It has been a long time ago that 'cars with work' or serious restoration jobs are only very popular. This is of course because the restoration of a classic here in Western Europe has become almost unaffordable. And the generation of classic enthusiasts who simply do such a job under their own management? It is pretty thinned out.
Restoring what was once so popular in former Eastern Bloc countries has also become less topical
The prices there have grown quite well with the West European market, but it is more annoying that many of those former Communists have embraced neo-liberal thinking: They can do it, but if you give them the chance, they will want it again. do the easy way.

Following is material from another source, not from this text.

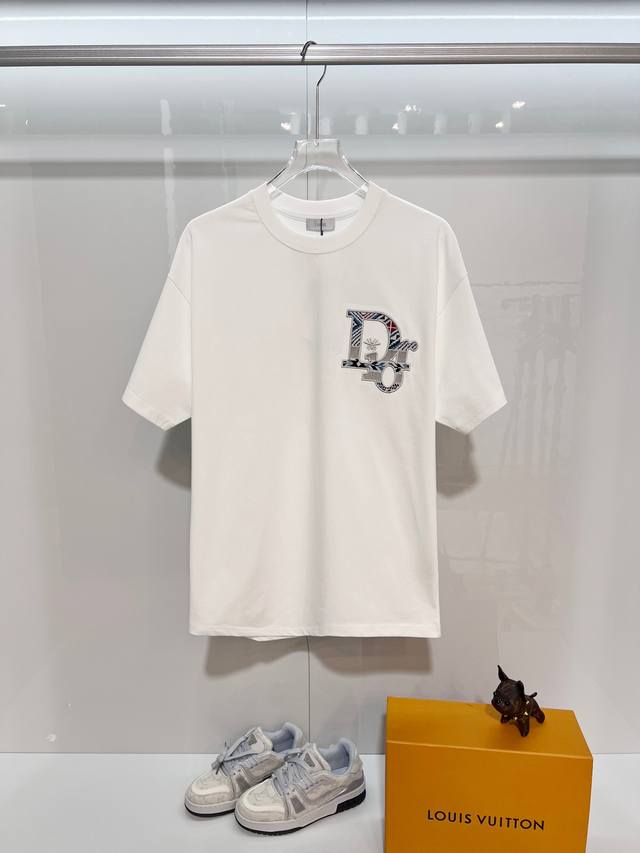 Dior 迪奥 2026新款 拼色万针刺绣蜜蜂字母Logo 男女同款 短袖T恤 定制320克重100％双纱纯棉面料 定染32支双股螺纹 领标吊牌主唛三标齐全 颜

An acquaintance had his Peugeot 404 Coupé done in Slovakia. For such a slender beauty, the work was done a bit awkwardly. But the most sad thing was that the coach with the back of a vacuum cleaner appeared to have been sprayed during a medium sandstorm. And then communication becomes difficult. However, outsourcing work is going well if there is constant or regular checking, if necessary by a hired party. Because they can.
The USA approach
The restoration warning applies much more to American restorations than to ex-east block work. Just like many ex-Eastern blockers who have mastered the profession, there are also professionals in the States. But Americans go fairly easily for the idea that sculpting with polyester filler is the ideal way to do a restoration. Then a double-fat layer of paint is applied. Ready. An acquaintance bought a restored Jaguar D type. He didn't have to leave it for the money. But he was less happy when it turned out that his American acquisition was literally modeled with 'bondo', with filler. The car is now ZGAN again. But in a display cabinet is a piece of British Racing Green sprayed filler of almost three centimeters thick.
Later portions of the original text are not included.